» **Aim of the exercise**: In the entries that follow, the line with "Actinopterygii Jigsaw Puzzle" opens the range and the line with "Framed Print : Usa, Alaska." closes it; repeat that range exactly, both lines included.

» **Entries provided**:

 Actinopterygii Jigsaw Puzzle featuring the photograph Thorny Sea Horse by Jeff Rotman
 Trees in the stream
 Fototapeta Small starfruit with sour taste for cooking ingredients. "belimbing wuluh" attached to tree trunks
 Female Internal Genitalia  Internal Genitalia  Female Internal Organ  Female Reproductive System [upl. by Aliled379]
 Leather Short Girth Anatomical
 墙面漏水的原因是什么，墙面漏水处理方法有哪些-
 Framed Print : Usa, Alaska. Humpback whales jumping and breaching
--
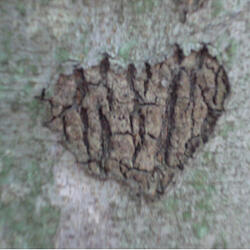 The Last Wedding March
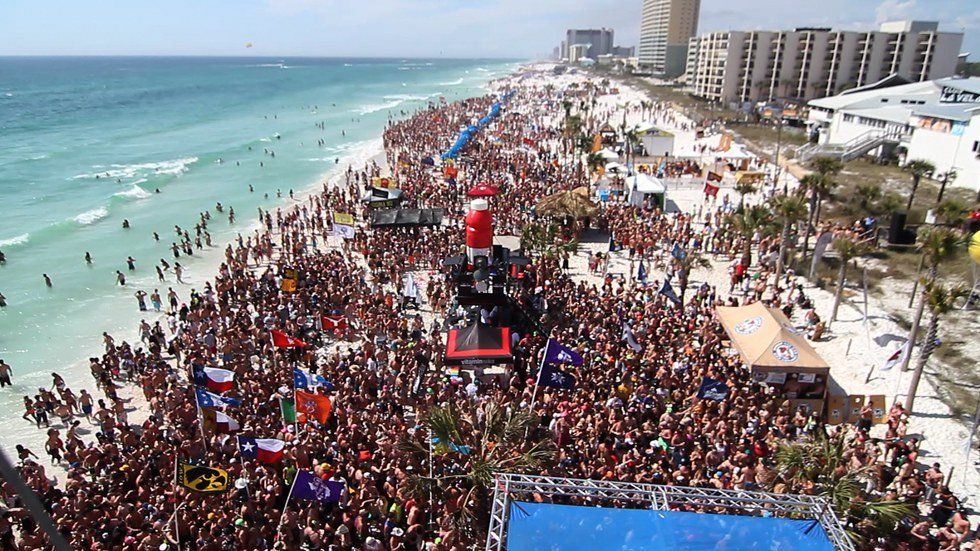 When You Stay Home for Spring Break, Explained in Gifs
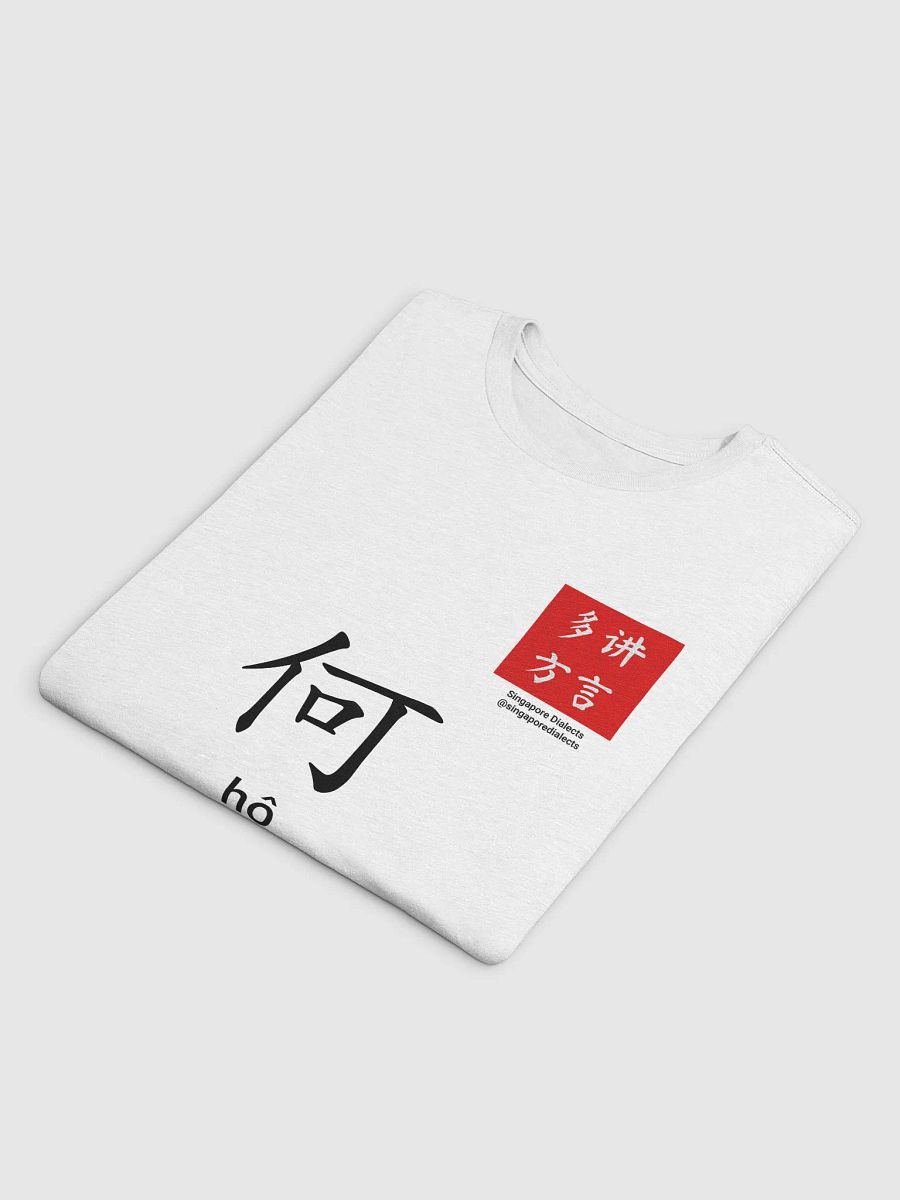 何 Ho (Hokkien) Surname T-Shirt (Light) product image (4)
* * *
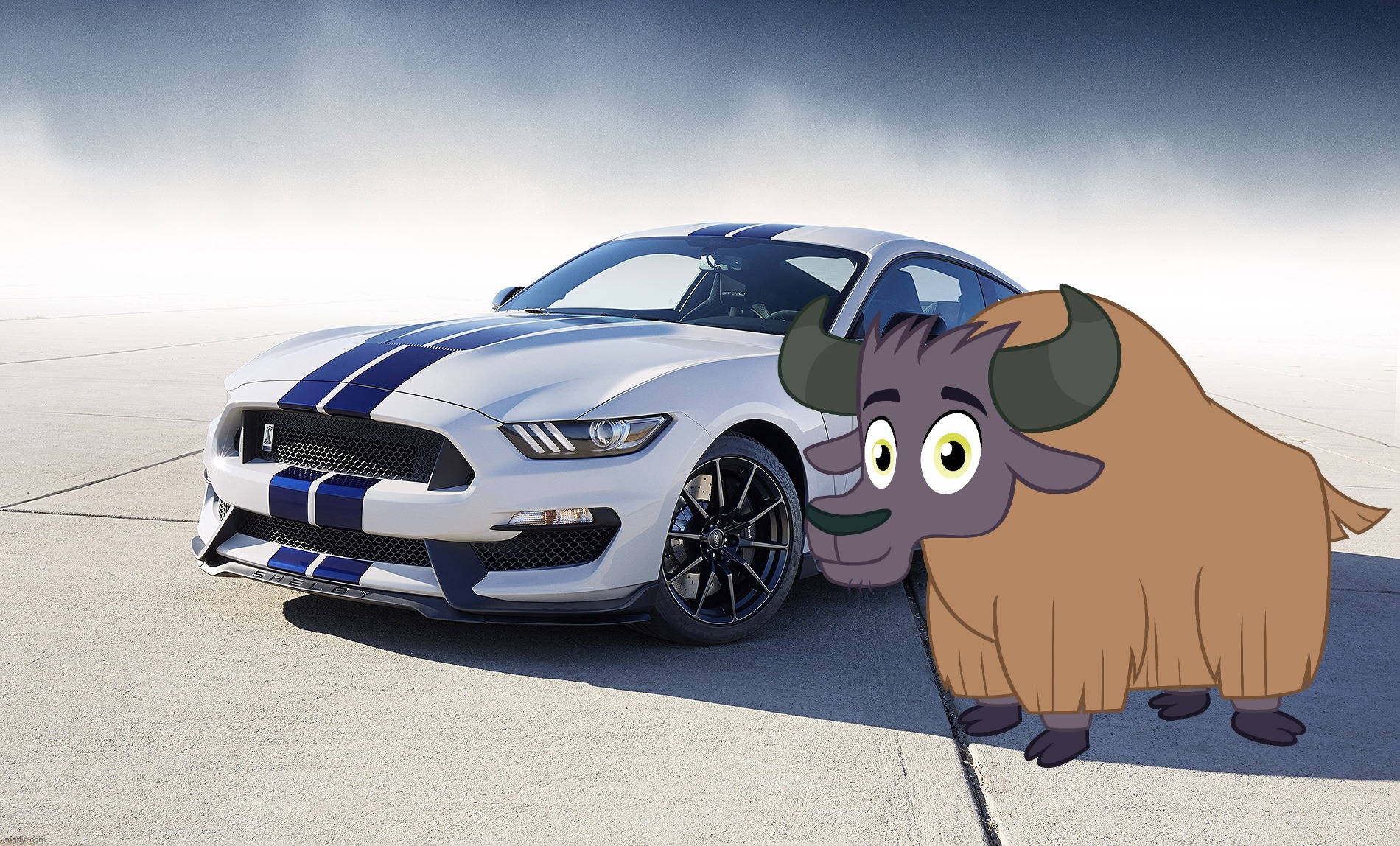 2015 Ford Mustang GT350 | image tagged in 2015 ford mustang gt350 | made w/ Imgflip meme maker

» **Task result**:
 Actinopterygii Jigsaw Puzzle featuring the photograph Thorny Sea Horse by Jeff Rotman
 Trees in the stream
 Fototapeta Small starfruit with sour taste for cooking ingredients. "belimbing wuluh" attached to tree trunks
 Female Internal Genitalia  Internal Genitalia  Female Internal Organ  Female Reproductive System [upl. by Aliled379]
 Leather Short Girth Anatomical
 墙面漏水的原因是什么，墙面漏水处理方法有哪些-
 Framed Print : Usa, Alaska. Humpback whales jumping and breaching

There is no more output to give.